Tool-selection F1 via equal-function sets

This gate scores whether an agent picked the right tool in a multi-server scenario, with no model in the loop. It works by grouping tools that do the same job into named classes, then reading precision, recall, and F1 straight off the recorded tool-call trace. The same trace always yields the same numbers, so the gate is deterministic, free to run, and safe to put in continuous integration.

Equal-function sets

An equal-function set is a named group of tools that accomplish the same job. Any member of the set is an acceptable choice. If a scenario can be solved by calling a web-search tool, and three different servers each expose a web-search tool, those three tools form one equal-function set. Selecting any one of them counts as a correct selection for that capability.

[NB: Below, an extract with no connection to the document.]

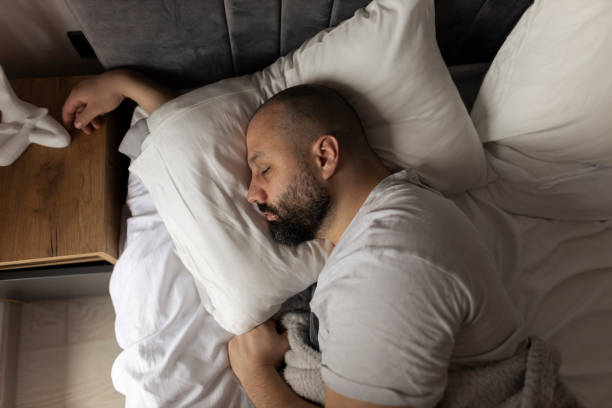 Bed, morning and relax man with beard sleeping, tired or nap for relief, wellness and rest in home, house or apartment. Fatigue, comfort and face of person cozy, dream and exhausted on bedroom pillow stock photo vista superior dormitorio del apartamento: joven guapo durmiendo cómodamente en una cama en su dormitorio por la mañana. cómodo apartamento con chico descansando para el productivo día siguiente. de arriba hacia abajo arriba foto de archivo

This is the idea from MSC-Bench (arXiv:2510.19423). Grouping interchangeable tools into a class lets a tool choice be judged correct when it lands in the right class, rather than when it matches one exact tool id. That matters in a multi-server setup where several servers offer the same capability under different names.

Because the check is "did an observed call land in the right class", it can be computed by reading the trace alone. There is no judge model, no token cost, and no cross-provider drift. Contrast this with a judged metric, where a model reads the agent's free-text answer and returns a verdict. A judged metric is not byte-stable (the same answer can score differently across runs or providers) and it costs tokens on every evaluation. The equal-function-set gate trades the ability to grade free-text answers for a number you can gate on in continuous integration.

Precision, recall, and F1

The three metrics are defined as follows. A true positive is a class the agent satisfied. A false positive is a tool call that satisfied no class. A false negative is a class the agent never satisfied.

Precision is true positives divided by the sum of true positives and false positives. It answers: of the tools the agent chose, how many were on target.
Recall is true positives divided by the sum of true positives and false negatives. It answers: of the capabilities the scenario required, how many the agent reached.
F1 is the harmonic mean of precision and recall, which is two times precision times recall, divided by the sum of precision and recall. It is high only when both precision and recall are high.

The exact counting rule

The implementation walks the observed tool calls against the declared classes and applies one rule. Each class is consumed at most once.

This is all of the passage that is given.